→ **INPUT RECORDS**
= Beginning of Section =
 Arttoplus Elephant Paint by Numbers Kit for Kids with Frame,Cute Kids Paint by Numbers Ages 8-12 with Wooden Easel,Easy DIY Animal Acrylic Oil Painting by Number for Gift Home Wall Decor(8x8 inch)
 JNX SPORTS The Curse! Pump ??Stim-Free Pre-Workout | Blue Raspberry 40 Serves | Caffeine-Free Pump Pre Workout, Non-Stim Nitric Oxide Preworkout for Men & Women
= End of Section =
= Beginning of Section =
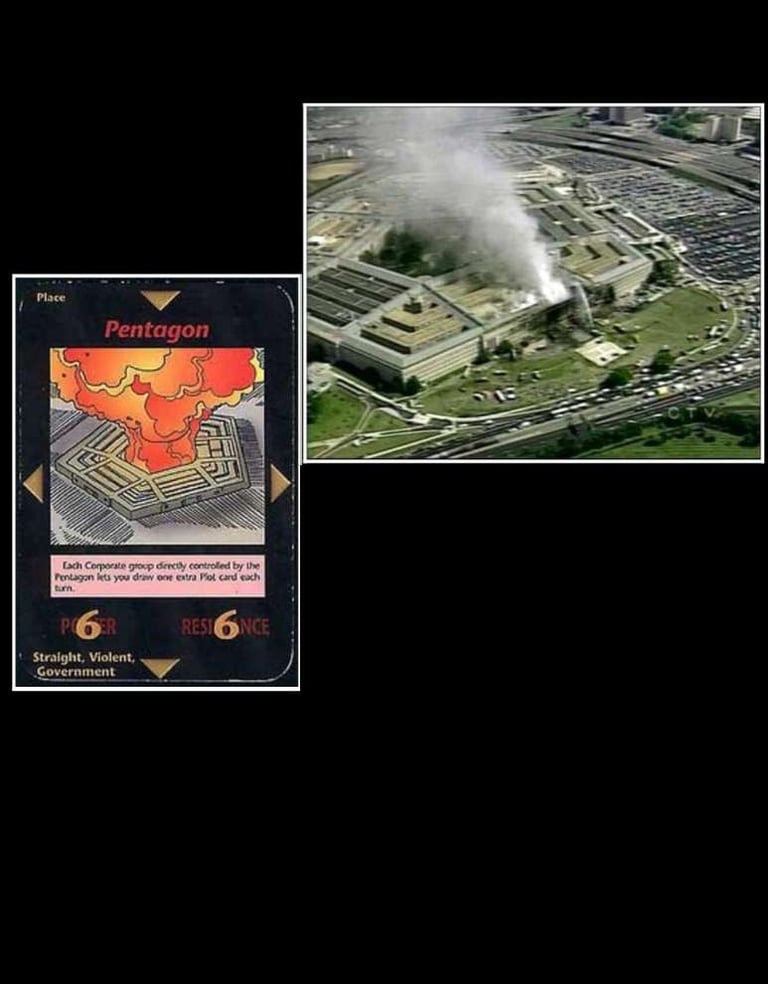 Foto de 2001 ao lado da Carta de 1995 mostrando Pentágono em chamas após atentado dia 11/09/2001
= End of Section =
= Beginning of Section =
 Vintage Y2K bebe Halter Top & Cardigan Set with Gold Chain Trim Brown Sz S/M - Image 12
= End of Section =
→ **AIM OF THE EXERCISE**
Which of the lines in the material above contain "with"? Copy each one out.

→ **RESULT OF THIS EXERCISE**
 Arttoplus Elephant Paint by Numbers Kit for Kids with Frame,Cute Kids Paint by Numbers Ages 8-12 with Wooden Easel,Easy DIY Animal Acrylic Oil Painting by Number for Gift Home Wall Decor(8x8 inch)
 Vintage Y2K bebe Halter Top & Cardigan Set with Gold Chain Trim Brown Sz S/M - Image 12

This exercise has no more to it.